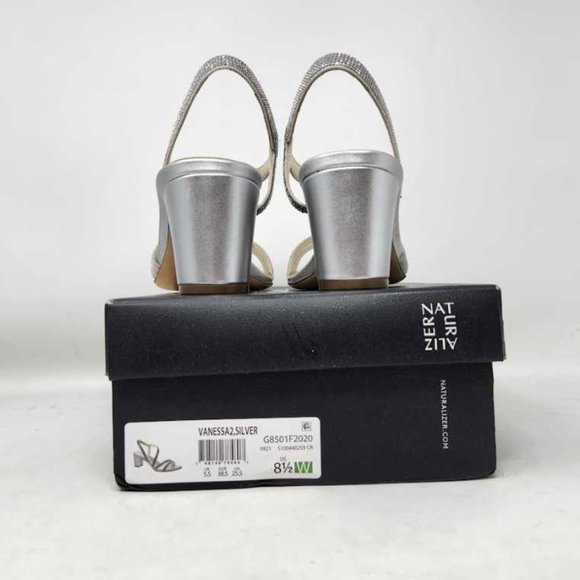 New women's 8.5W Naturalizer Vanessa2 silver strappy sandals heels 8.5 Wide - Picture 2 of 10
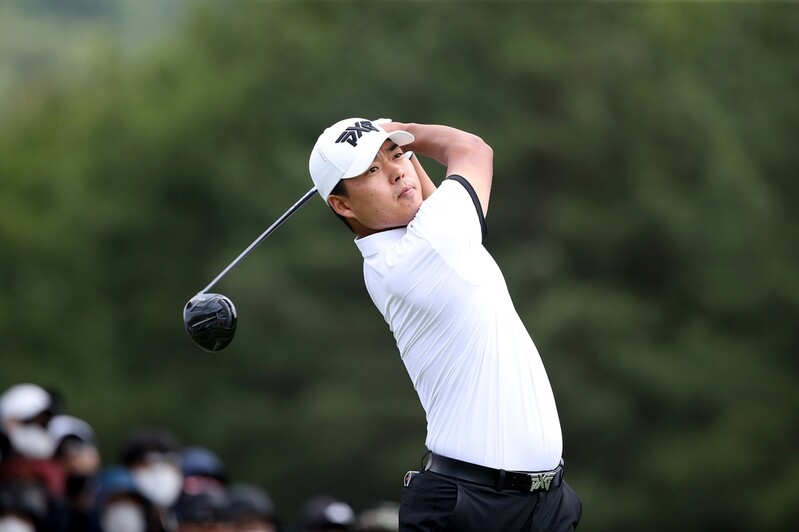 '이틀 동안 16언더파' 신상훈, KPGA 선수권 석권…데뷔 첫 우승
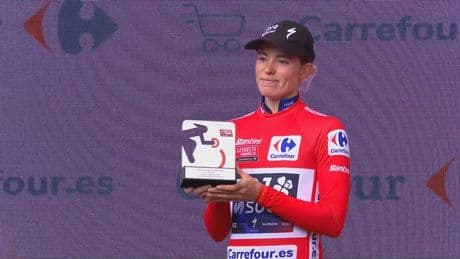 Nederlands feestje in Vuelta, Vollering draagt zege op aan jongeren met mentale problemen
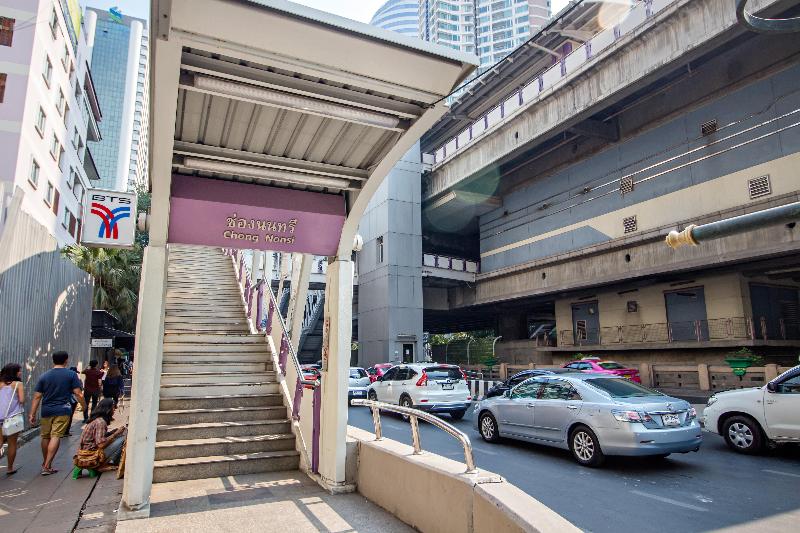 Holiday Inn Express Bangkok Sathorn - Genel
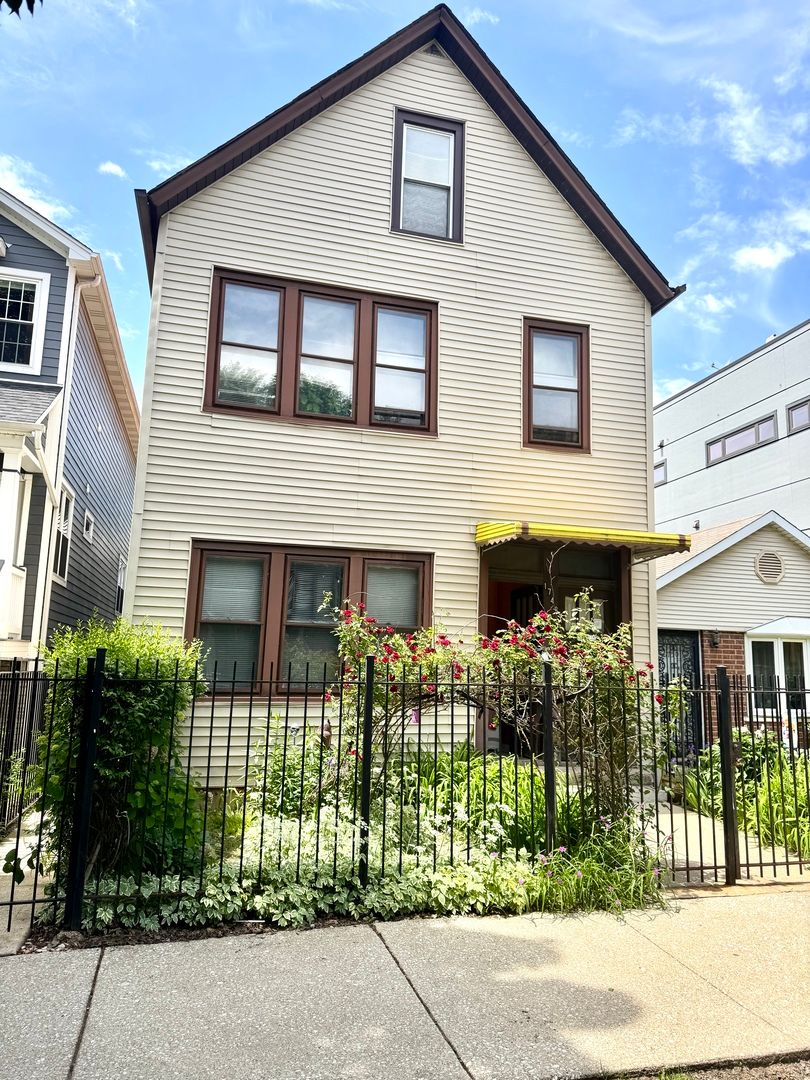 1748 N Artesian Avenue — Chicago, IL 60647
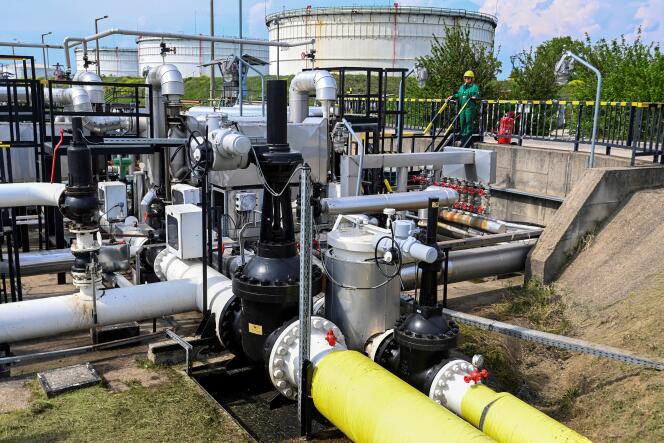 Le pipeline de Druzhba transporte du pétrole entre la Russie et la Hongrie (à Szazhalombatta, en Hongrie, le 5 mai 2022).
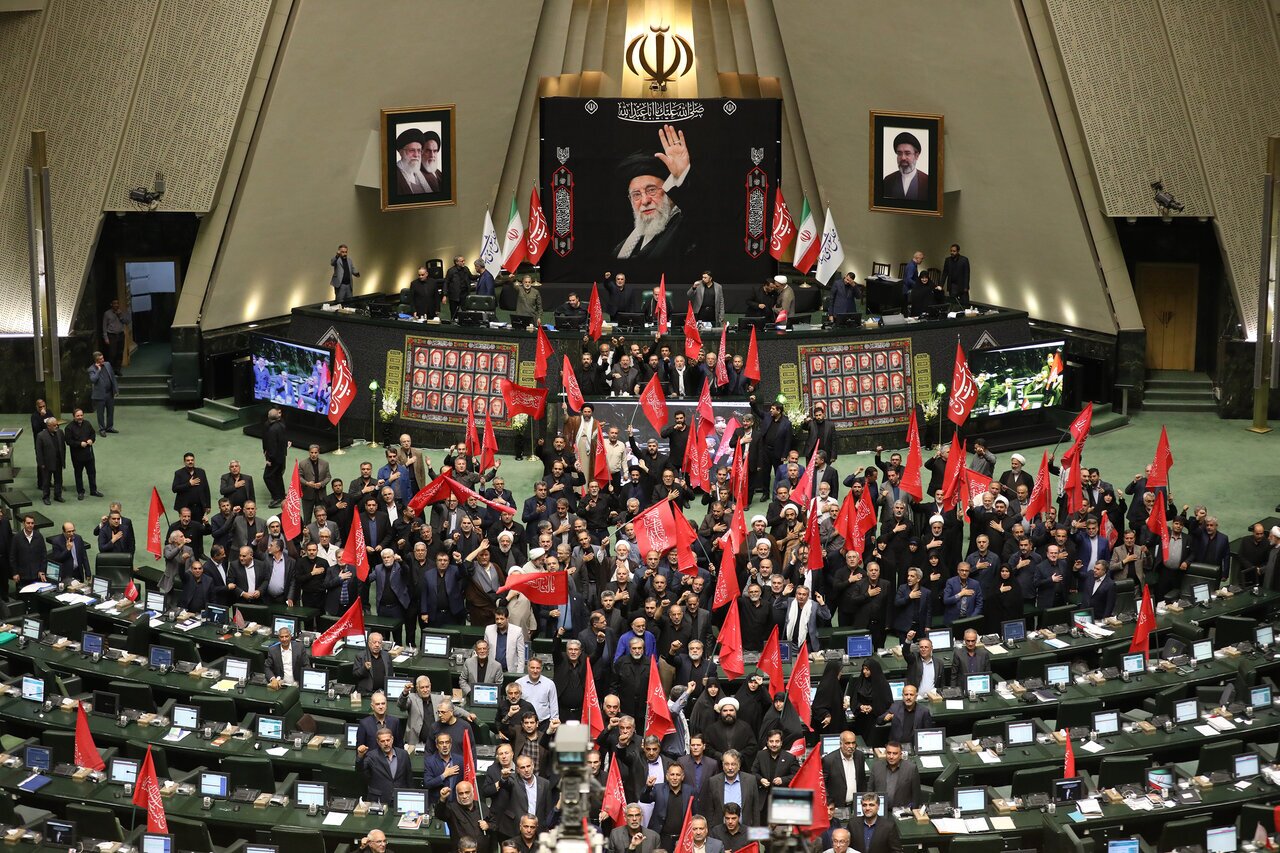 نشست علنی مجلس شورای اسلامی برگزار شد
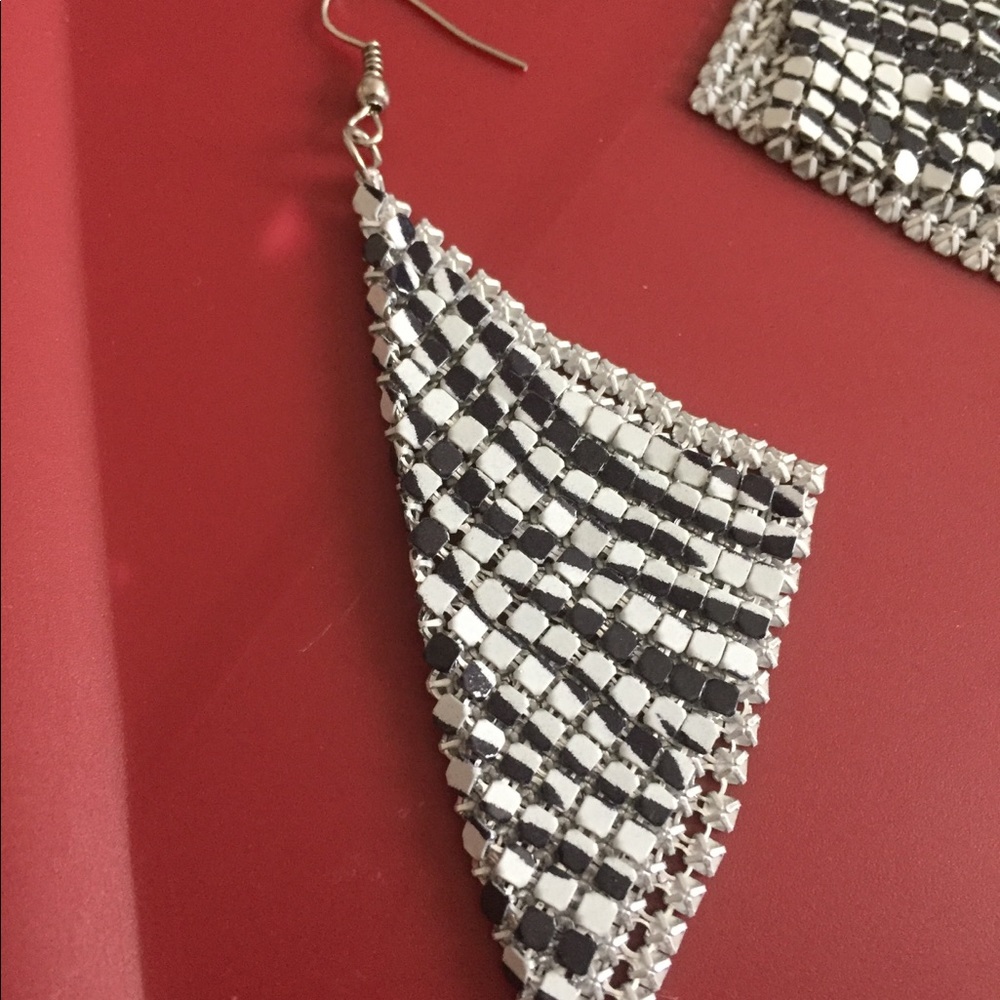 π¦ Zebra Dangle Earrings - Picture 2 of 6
==============================
Write out exactly the lines from the line holding "Nederlands feestje in" through the last line of the records above, inclusive, and nothing more. Leave out the pictures.

RESPONSE BOX —
 Nederlands feestje in Vuelta, Vollering draagt zege op aan jongeren met mentale problemen
 Holiday Inn Express Bangkok Sathorn - Genel
 1748 N Artesian Avenue — Chicago, IL 60647
 Le pipeline de Druzhba transporte du pétrole entre la Russie et la Hongrie (à Szazhalombatta, en Hongrie, le 5 mai 2022).
 نشست علنی مجلس شورای اسلامی برگزار شد
 π¦ Zebra Dangle Earrings - Picture 2 of 6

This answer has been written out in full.